This message goes for you, innocent lector, for you who love anime and the only thing you are looking for in the page is the recommendation for a good anime. So one thing I have to tell you: Chihayafuru is, with no doubt, an incredible manga-anime.
Chihayafuru 3 follow the lead of the first two seasons to make an incredible spokon from a discipline quite unknown outside Japan: (competitive) karuta. A discipline that, though creates some scepticism at first, you will soon love because of the righteous adaptation to animation it has.
While the first season focused on the presentation of the characters and world of karuta and the second one on a pure display of the “sport”, the techniques and the competitive factor, this season focus on what it supposed to: going further and beyond. However, I got to admit I missed a bit the “slice of life” essence of the first season during the second one, which is filled with matches and matches. Don’t misunderstand me: Yuki Suetsugu is a wonderful writer that accomplishes to reinvent her work constantly. Chapter after chapter she brings new ideas, new strategies, new thoughts about the discipline, new personalities and cast of rivals, new emotions and gestures about the tatami, all created in a sublime way and with an unprecedented plot and directional quality, making her work remain fresh and interesting game after game. But that doesn’t mean that I didn’t miss there more of the emotional drug that I like: more interaction between the characters, more unrequited love, more moments at school, more real interaction from the rest of the secondary characters in play beyond being mere spectators of a game. It is also true that I found the introduction of the new freshman members of the club a bit forced and accelerated, but this is something that can be easily overlooked. After all, we are talking between an outstanding and a remarkable high.
In fact, all these aspects that I missed a little during the second season are clearly manifested again during the third season, and I have only needed 6-7 episodes to prove it.

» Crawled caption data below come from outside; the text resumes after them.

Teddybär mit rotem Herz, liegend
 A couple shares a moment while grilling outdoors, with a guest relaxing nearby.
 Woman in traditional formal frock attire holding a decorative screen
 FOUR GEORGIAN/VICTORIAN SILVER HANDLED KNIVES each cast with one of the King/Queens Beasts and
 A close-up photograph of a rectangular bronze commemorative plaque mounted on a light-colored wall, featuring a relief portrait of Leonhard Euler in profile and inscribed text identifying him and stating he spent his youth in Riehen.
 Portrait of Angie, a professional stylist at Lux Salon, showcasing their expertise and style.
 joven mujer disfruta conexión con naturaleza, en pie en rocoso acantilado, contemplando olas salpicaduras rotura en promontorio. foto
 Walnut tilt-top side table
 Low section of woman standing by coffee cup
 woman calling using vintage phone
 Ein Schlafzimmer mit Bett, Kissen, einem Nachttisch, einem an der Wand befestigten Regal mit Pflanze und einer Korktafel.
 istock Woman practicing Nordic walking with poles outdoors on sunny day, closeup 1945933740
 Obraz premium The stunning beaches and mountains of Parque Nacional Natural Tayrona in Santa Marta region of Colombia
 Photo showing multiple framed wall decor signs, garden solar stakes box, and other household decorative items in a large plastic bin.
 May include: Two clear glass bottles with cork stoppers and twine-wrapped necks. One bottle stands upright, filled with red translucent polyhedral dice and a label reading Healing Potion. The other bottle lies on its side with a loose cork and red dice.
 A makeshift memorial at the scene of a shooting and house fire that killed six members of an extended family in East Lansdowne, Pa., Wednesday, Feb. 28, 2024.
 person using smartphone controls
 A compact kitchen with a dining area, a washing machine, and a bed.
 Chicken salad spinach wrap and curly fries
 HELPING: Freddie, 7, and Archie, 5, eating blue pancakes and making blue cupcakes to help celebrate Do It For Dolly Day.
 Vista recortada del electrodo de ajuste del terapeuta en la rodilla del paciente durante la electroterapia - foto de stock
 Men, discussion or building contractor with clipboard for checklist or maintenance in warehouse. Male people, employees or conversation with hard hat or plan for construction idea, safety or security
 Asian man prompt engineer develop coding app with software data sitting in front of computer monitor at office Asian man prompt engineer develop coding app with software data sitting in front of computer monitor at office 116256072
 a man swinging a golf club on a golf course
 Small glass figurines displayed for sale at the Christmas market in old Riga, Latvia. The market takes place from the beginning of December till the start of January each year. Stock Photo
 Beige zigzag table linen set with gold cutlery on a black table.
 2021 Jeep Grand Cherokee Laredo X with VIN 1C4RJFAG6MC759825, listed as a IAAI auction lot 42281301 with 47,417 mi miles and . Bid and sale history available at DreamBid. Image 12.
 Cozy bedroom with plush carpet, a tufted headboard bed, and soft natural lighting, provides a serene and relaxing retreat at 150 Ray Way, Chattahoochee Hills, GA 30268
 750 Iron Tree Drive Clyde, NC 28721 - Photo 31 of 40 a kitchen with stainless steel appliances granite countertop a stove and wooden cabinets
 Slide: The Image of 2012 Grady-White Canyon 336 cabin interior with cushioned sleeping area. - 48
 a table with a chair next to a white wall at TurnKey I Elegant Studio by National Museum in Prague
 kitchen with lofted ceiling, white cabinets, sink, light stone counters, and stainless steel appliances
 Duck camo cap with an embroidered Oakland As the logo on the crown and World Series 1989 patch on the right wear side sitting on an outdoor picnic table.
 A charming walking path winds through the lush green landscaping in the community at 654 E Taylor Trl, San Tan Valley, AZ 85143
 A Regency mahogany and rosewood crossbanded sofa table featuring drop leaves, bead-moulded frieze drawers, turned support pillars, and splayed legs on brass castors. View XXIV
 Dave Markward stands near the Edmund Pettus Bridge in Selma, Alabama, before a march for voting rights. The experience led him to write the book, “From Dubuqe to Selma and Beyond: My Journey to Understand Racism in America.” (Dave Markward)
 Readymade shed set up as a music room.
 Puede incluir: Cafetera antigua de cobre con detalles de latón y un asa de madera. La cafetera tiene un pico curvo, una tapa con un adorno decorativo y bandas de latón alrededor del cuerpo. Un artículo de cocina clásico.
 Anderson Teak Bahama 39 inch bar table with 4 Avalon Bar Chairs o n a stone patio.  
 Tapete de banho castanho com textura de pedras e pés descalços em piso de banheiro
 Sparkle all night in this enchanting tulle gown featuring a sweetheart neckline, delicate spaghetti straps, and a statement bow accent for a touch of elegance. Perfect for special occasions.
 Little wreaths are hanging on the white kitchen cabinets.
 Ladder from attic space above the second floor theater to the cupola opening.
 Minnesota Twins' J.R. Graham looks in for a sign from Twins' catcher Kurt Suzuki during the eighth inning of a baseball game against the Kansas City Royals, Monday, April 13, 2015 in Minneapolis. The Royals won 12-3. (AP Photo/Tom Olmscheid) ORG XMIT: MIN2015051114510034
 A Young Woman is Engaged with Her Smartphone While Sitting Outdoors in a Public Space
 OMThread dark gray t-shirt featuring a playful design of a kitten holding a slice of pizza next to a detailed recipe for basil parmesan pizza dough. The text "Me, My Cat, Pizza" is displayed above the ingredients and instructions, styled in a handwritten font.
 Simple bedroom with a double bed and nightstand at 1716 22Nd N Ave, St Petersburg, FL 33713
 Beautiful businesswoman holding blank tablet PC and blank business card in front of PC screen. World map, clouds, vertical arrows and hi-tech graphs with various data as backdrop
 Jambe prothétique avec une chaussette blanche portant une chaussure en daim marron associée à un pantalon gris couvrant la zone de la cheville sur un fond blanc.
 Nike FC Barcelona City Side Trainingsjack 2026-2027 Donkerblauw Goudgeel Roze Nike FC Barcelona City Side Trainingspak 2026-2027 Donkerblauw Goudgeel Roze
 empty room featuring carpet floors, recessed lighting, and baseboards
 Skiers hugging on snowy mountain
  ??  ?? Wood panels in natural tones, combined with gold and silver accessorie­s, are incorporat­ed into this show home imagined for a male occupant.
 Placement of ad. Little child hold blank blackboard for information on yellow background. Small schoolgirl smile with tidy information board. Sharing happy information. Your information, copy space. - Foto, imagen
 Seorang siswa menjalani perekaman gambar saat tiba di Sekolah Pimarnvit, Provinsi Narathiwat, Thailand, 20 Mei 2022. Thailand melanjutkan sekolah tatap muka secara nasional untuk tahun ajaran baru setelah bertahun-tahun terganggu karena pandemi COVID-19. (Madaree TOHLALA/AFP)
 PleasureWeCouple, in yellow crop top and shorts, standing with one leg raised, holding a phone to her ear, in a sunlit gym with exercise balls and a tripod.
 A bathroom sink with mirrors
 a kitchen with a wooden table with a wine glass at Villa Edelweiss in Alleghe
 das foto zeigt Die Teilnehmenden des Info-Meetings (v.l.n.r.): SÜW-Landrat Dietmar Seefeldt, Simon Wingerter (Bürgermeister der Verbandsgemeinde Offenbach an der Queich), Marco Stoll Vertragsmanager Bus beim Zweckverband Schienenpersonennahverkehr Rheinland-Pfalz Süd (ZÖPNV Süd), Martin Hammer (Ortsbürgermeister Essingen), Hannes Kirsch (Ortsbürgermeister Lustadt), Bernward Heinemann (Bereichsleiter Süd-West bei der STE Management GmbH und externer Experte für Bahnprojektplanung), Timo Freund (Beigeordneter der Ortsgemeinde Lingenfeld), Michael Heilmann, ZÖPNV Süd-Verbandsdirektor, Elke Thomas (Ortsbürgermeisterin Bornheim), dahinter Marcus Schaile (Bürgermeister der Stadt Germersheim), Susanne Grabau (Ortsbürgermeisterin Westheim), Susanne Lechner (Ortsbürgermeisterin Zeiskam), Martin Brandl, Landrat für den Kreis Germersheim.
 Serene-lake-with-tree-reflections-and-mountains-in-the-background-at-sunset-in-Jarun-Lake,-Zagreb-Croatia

In this, the author manages to insert incredibly emotional moments about the feelings and background of the characters between game and game in a very organic and realistic way.
To all this we must add the incredible work of animation and artistic direction of Madhouse, who returns to work in Chihayafuru almost five years later, which manages not only to maintain the high level of the first two seasons but to refine the animation and the direction of the work after several years of pause.
It is clear, therefore, that Chihayafuru remains the underrated jewel of the slice of life and spokon genre that it always was. We are facing a work full of love and passion that people full of love and passion know how to appreciate.